During the seventeenth-century, figurines of Buddha and other religious figures called "temple nodders" were produced in Asia. The earliest known Western reference to a bobblehead is thought to be in Nikolai Gogol's 1842 short story "The Overcoat", in which the main character's neck was described as "like the necks of plaster cats which wag their heads". During the nineteenth-century, bisque-based bobbleheads were being made in limited quantities for the US market. Many of the bobbleheads in the US were produced in Germany, with an uptick in imports during the 1920's and 30's. By the 1950's, bobbleheads had a substantial surge in popularity, with items made of either plastic or bisque.

By 1960, Major League Baseball had gotten in on the action and produced a series of Papier-mâché bobblehead dolls, one for each team, all with the same cherubic face, and a few select players over time. The World Series held that year brought the first player-specific baseball bobbleheads, for Roberto Clemente, Mickey Mantle, Roger Maris, and Willie Mays, still all with the same face. Over the next decade bobbleheads were also created with ceramics. Within a few years, they would be produced for other sports as well as cartoon characters.
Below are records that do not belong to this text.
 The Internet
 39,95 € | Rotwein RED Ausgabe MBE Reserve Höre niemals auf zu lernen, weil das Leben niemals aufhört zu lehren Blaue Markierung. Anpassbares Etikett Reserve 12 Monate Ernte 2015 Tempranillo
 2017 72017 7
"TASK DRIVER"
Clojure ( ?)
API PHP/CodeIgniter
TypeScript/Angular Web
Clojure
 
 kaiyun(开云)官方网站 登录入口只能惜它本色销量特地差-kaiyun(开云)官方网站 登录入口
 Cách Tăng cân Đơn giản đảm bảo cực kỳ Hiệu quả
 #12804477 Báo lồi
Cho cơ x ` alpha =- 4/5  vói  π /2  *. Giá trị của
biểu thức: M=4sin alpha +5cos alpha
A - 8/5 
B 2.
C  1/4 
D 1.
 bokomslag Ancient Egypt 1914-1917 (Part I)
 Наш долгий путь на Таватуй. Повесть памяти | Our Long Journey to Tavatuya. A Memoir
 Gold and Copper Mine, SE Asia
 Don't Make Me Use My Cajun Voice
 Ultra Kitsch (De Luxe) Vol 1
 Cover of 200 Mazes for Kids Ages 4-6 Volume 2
One of the most famous bobbleheads of all time also hails from this era: The Beatles bobblehead set, which is a valuable collectible today.
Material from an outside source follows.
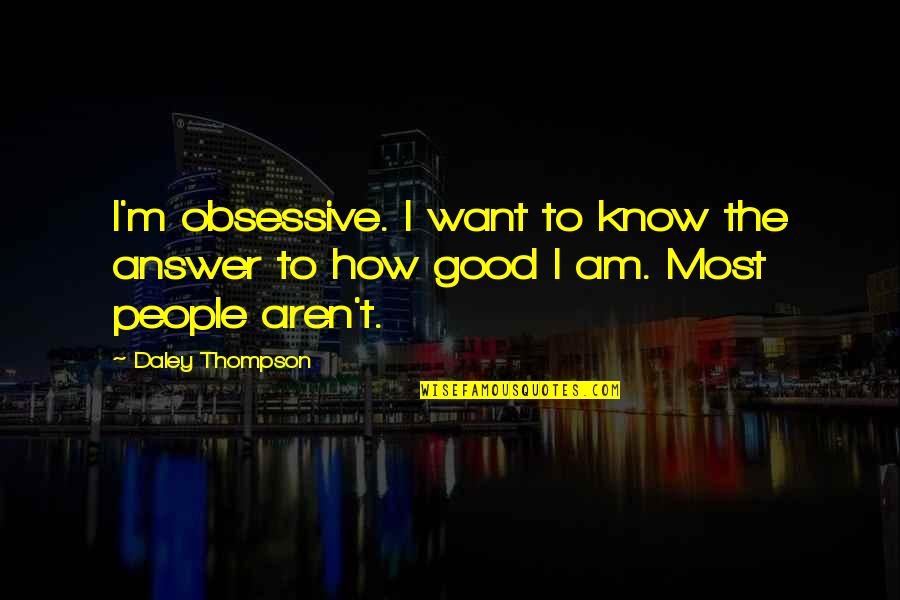 Its Not How Good You Are Its How Good You Want To Be Quotes By Daley Thompson: I'm obsessive. I want to know the answer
The next increase in popularity took place during the late 1990's. Although older bobbleheads like the baseball teams and The Beatles were sought after by collectors during this period, new bobblehead dolls were few and far between. What finally prompted their resurgence was cheaper manufacturing processes, and the main bobblehead material switched, this time from ceramic to plastic. It was now possible to make bobbleheads in the very limited numbers necessary for them to be viable collectibles. On Aug. 2, 1997, the minor league Birmingham Barons gave away Barons Bobblehead Doll bobbleheads at a game. The first major league baseball team to offer a bobblehead giveaway was the San Francisco Giants, which distributed 35,000 Willie Mays head nodders at their May 9, 1999 game.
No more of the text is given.